Introduction
We have all seen them: AI-generated portraits that look almost right, but something is off. Perhaps the skin texture is too plastic, the eyes lack a certain spark, or the anatomy twists in ways human bones simply shouldn’t. Despite the massive leaps in diffusion models like Stable Diffusion, generating truly photorealistic humans remains one of the hardest challenges in computer vision.
The core issue often lies in how these models are fine-tuned. Typically, researchers use methods like Reinforcement Learning from Human Feedback (RLHF) or Direct Preference Optimization (DPO). These methods train the model by showing it two generated images—one “good” and one “bad”—and telling it to prefer the good one. But there is a ceiling to this approach: if the model’s “good” image is still artificial and flawed, the model is only learning to be the “best of a bad bunch.” It isn’t learning what real looks like.
Enter HG-DPO (Human image Generation through Direct Preference Optimization). In a new paper from researchers at Kakao, a novel approach is proposed that fundamentally shifts the goalposts. Instead of asking the model to prefer a slightly better generated image, HG-DPO asks the model to prefer actual real images.

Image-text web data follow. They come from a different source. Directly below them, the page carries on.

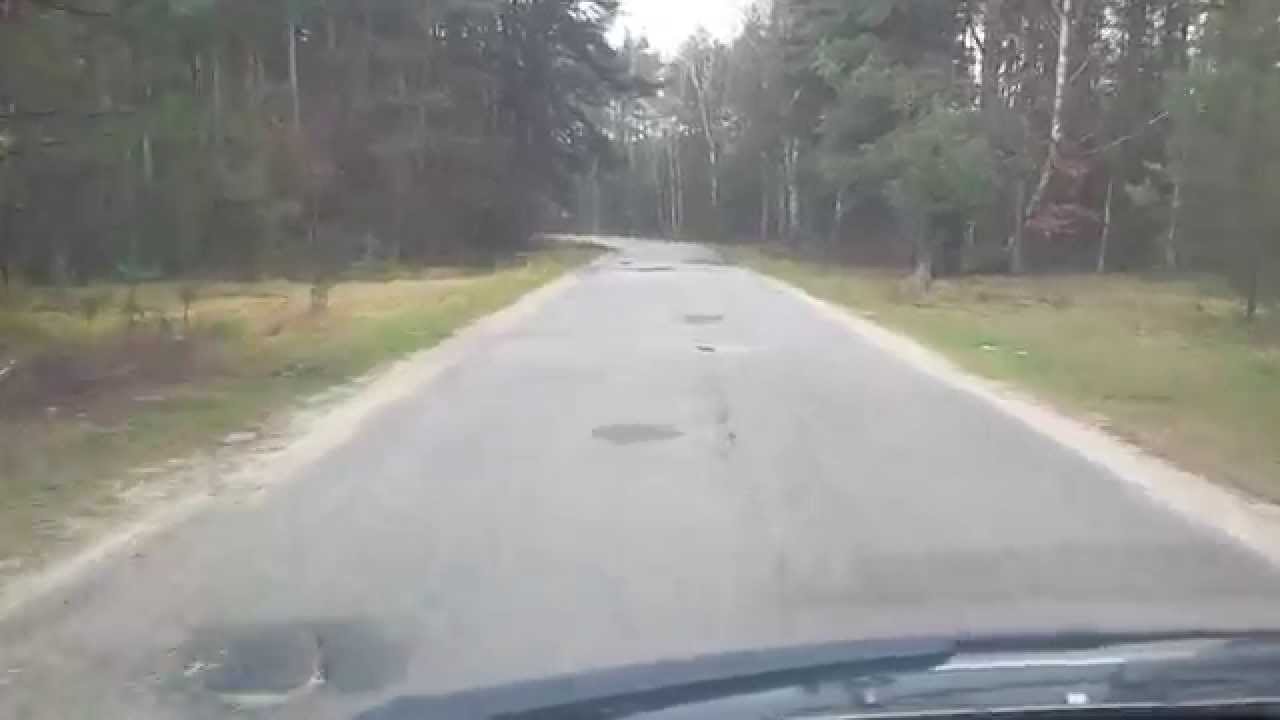 Obwodnica Końskich - skutki Przybyszowy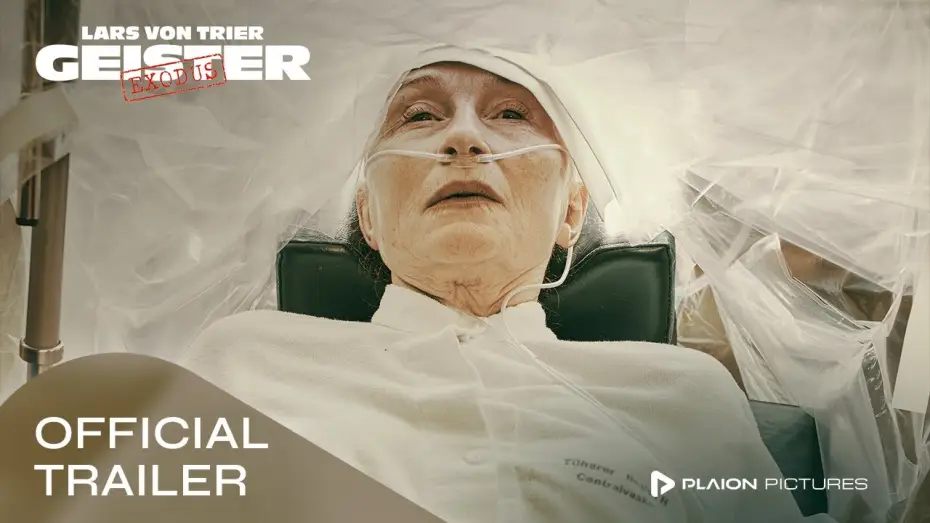 Відео до серіалу Riget — Offizieller Trailer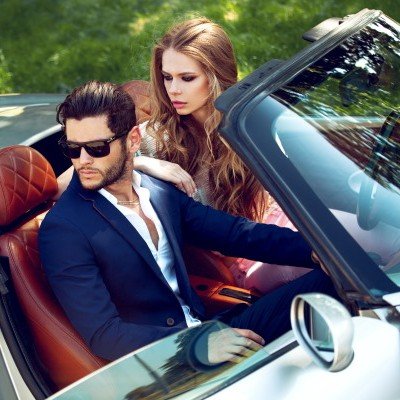 Жизнь с богатым мужчиной - так ли все идеально?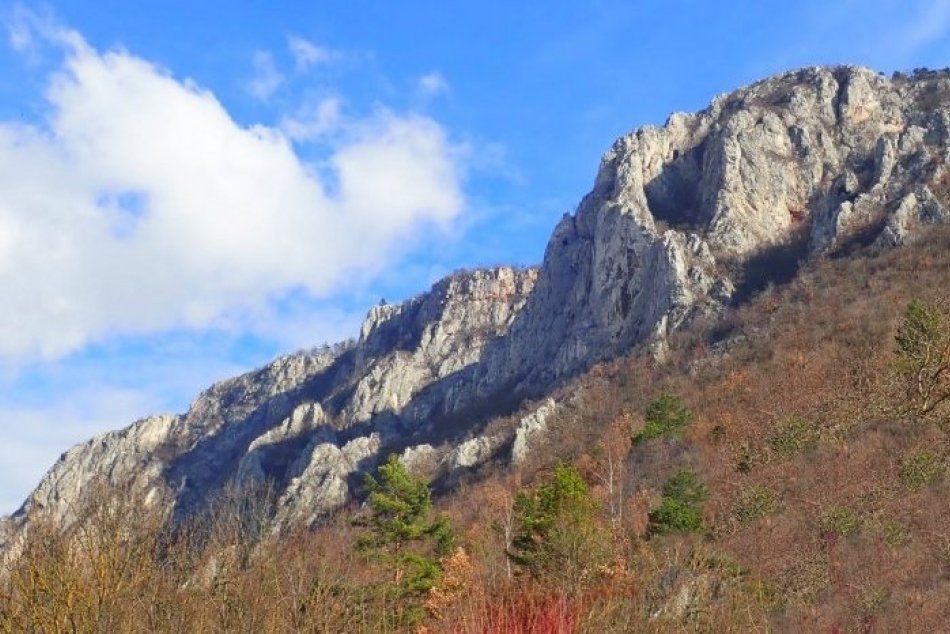 Obrazom: Pozrite si Zádiel na fotkách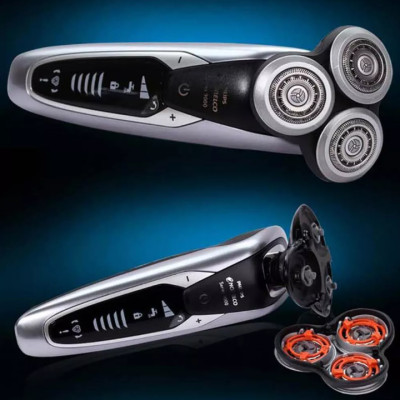 Máy cạo râu khô và ướt cao cấp thương hiệu Philips Norelco S9311/84 - HÀNG NHẬP KHẨU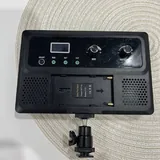 Студийное LED-освещение Yongnuo, SANGER, GVM 8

As shown in Figure 1, the results are striking. By anchoring the training process to reality, the model learns to correct anatomical distortions and capture fine-grained details like lighting and texture. However, telling a model to “just mimic reality” is mathematically chaotic due to the massive difference between generated noise and real pixels.
In this post, we will deconstruct how HG-DPO solves this problem using a clever three-stage curriculum learning strategy, bridging the gap between artificial noise and photorealism.
The Background: DPO and the Reality Gap
To understand why this paper is significant, we first need to look at Direct Preference Optimization (DPO).
In standard DPO for diffusion models, the training data consists of triplets: a prompt, a “winning” image (\(x_w\)), and a “losing” image (\(x_l\)). The objective is to adjust the model so that it becomes more likely to generate \(x_w\) and less likely to generate \(x_l\).
Existing methods rely on datasets where both the winner and loser are generated by the AI. This works for alignment (following instructions), but it doesn’t help much with realism. The researchers argue that to achieve true realism, the “winning” image should be a real photograph.
However, simply swapping in real photos breaks the training. The statistical distribution of a real photo is vastly different from what a diffusion model generates. If you try to force the model to jump straight to reality, the training becomes unstable. This is known as the domain gap.
The Solution: A Three-Stage Curriculum
The authors propose a solution inspired by human education: Curriculum Learning. You don’t teach a child calculus before they learn addition. Similarly, HG-DPO teaches the model realism in three distinct stages, progressively increasing the difficulty.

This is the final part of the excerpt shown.